WHAT IS NEEDED:
Copy each entry below exactly. No images.

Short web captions

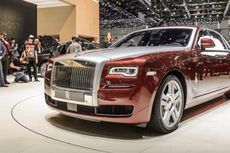 Rolls-Royce Ghost II, Kemewahan Kontemporer Berbalut Teknologi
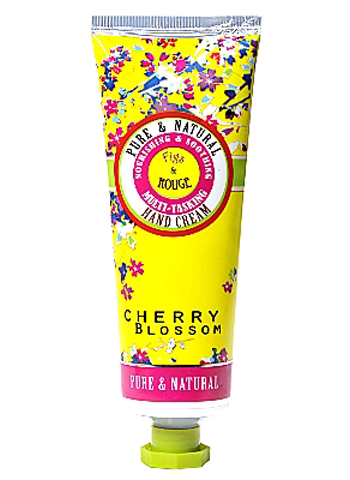 Figs and Rouge Cherry Blossom Hand Cream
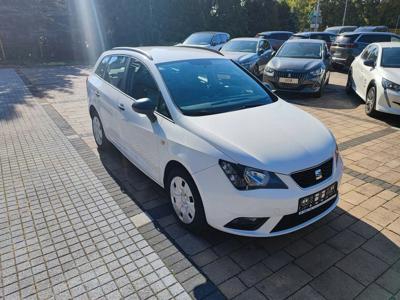 Seat Ibiza IV SportTourer Facelifting 1.2 TSI 90KM 2015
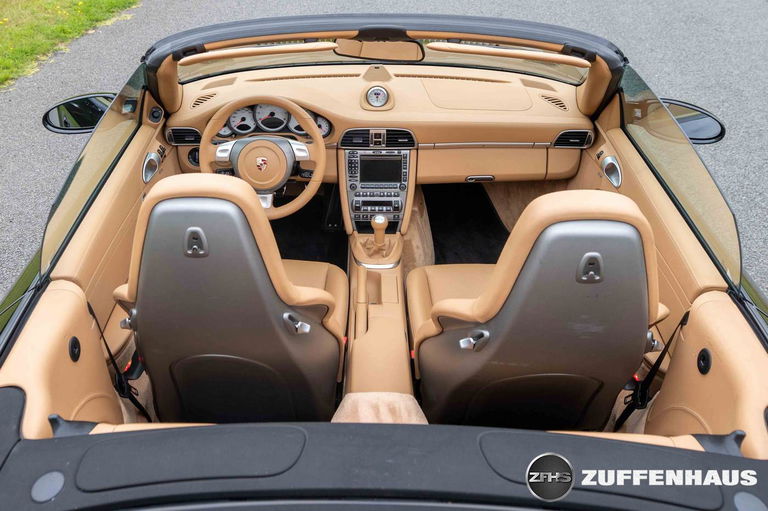 Porsche 997 Carrera S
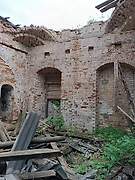 Церковь Троицы Живоначальной, Новинское, Некоузский район, Ярославская область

TASK ANSWER:
 Rolls-Royce Ghost II, Kemewahan Kontemporer Berbalut Teknologi
 Figs and Rouge Cherry Blossom Hand Cream
 Seat Ibiza IV SportTourer Facelifting 1.2 TSI 90KM 2015
 Porsche 997 Carrera S
 Церковь Троицы Живоначальной, Новинское, Некоузский район, Ярославская область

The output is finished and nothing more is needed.